Gli ultimi anni narrano di un costante aumento nell’ambito del mercato assicurativo della domanda di polizze vita. Detto crescente interessamento verso questo strumento assicurativo potrebbe essere il risultato anche della maturata consapevolezza circa i punti di forza del medesimo:
- Protezione economica a fronte di eventi attinenti la vita umana;
- impignorabilità ed insequestrabilità nei termini di legge delle somme impiegate;
- Esclusione delle somme liquidate dall’attivo patrimoniale del defunto, con conseguente esenzione da imposte di successione.
Quest’ultimo aspetto – positivamente sancito dall’art. 12 D.lgs. 364/90 (Testo unico delle disposizioni concernenti l’imposta sulle successioni e donazioni) – che fa delle polizze vita un utile strumento di pianificazione successoria e patrimoniale, è una diretta conseguenza di quanto prescritto dall’art. 1920, comma 3, c.c.: “Per effetto della designazione il terzo acquista un diritto proprio ai vantaggi dell’assicurazione”.

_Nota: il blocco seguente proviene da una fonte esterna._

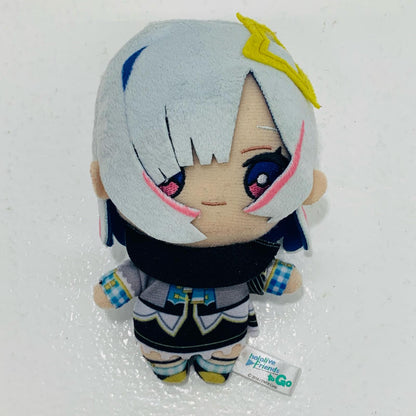 【中古】 天音かなた マスコットぬいぐるみ 「バーチャ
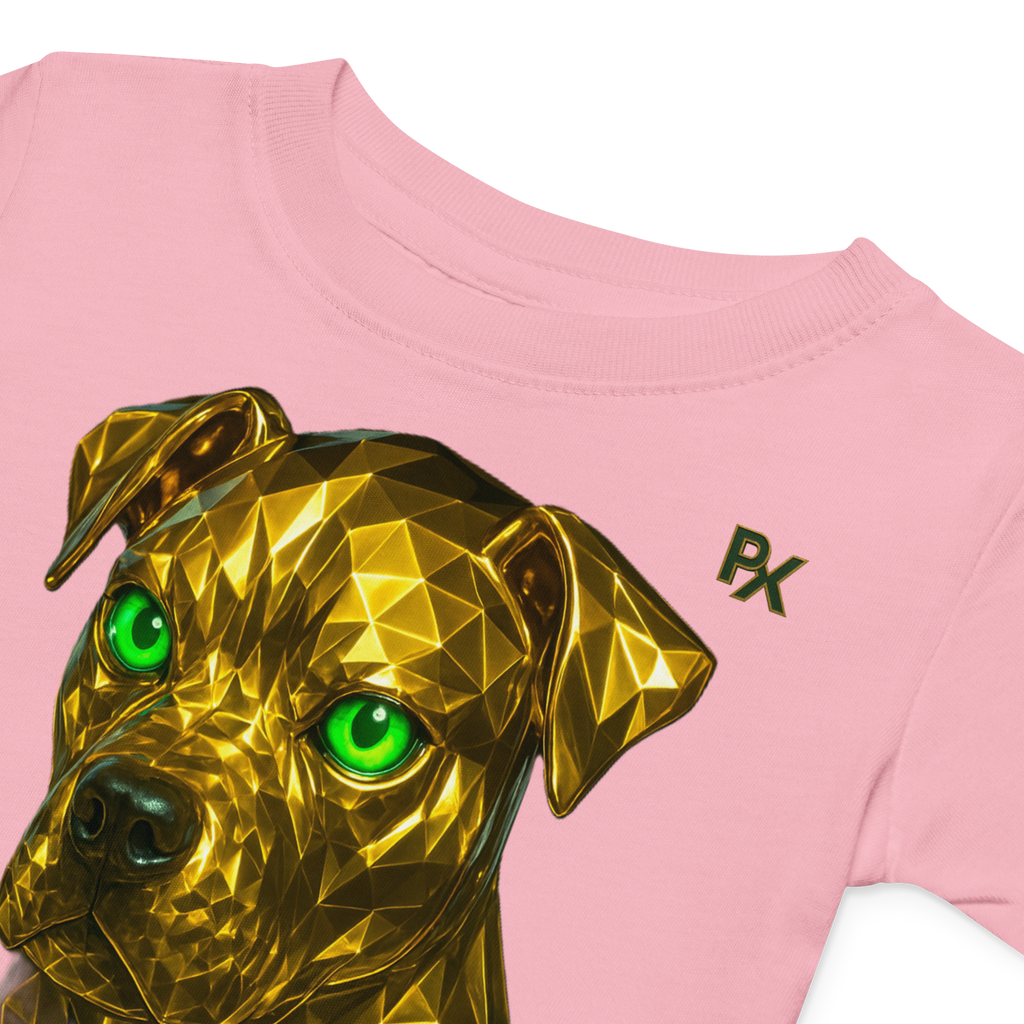 Premium Baby T-Shirt | Goldie Respawn Pit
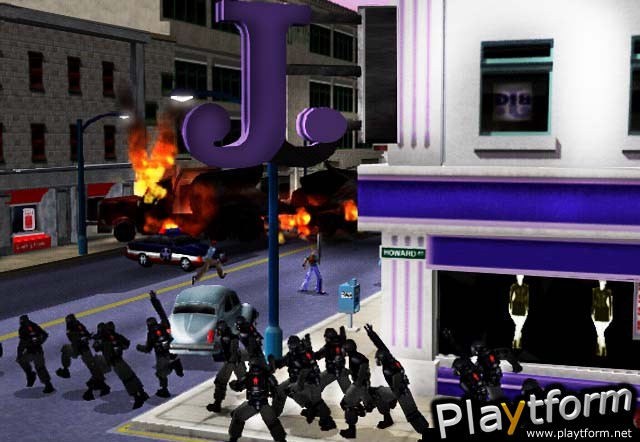 State of Emergency (PlayStation 2)
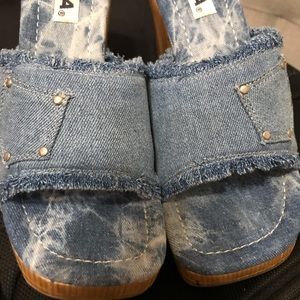 Soda size 8 shoe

Da siffatto disposto legislativo si evince chiaramente che il soggetto indicato quale beneficiario acquista il diritto alla prestazione assicurativa in virtù della mera designazione, divenendo titolare di un diritto iure proprio che diviene esigibile al concretizzarsi del rischio trasferito dal contraente in capo alla Compagnia, identificato il più delle volte nell’evento morte dell’assicurato.
Ne consegue che nelle polizze vita il diritto alla prestazione assicurativa è acquistato dal beneficiario non a titolo successorio, anche se quest’ultimo dovesse essere erede dello stipulante, ma per effetto del contratto di assicurazione: la somma dovuta a titolo di indennità non entra nel patrimonio ereditario ma viene trasferita direttamente dall’assicuratore al beneficiario.
Detto ciò, occorre delineare l’ambito oggettivo della suesposta asserzione tentando di fornire una risposta esauriente al seguente interrogativo: tutte le polizze vita non rientrano nell’asse ereditario?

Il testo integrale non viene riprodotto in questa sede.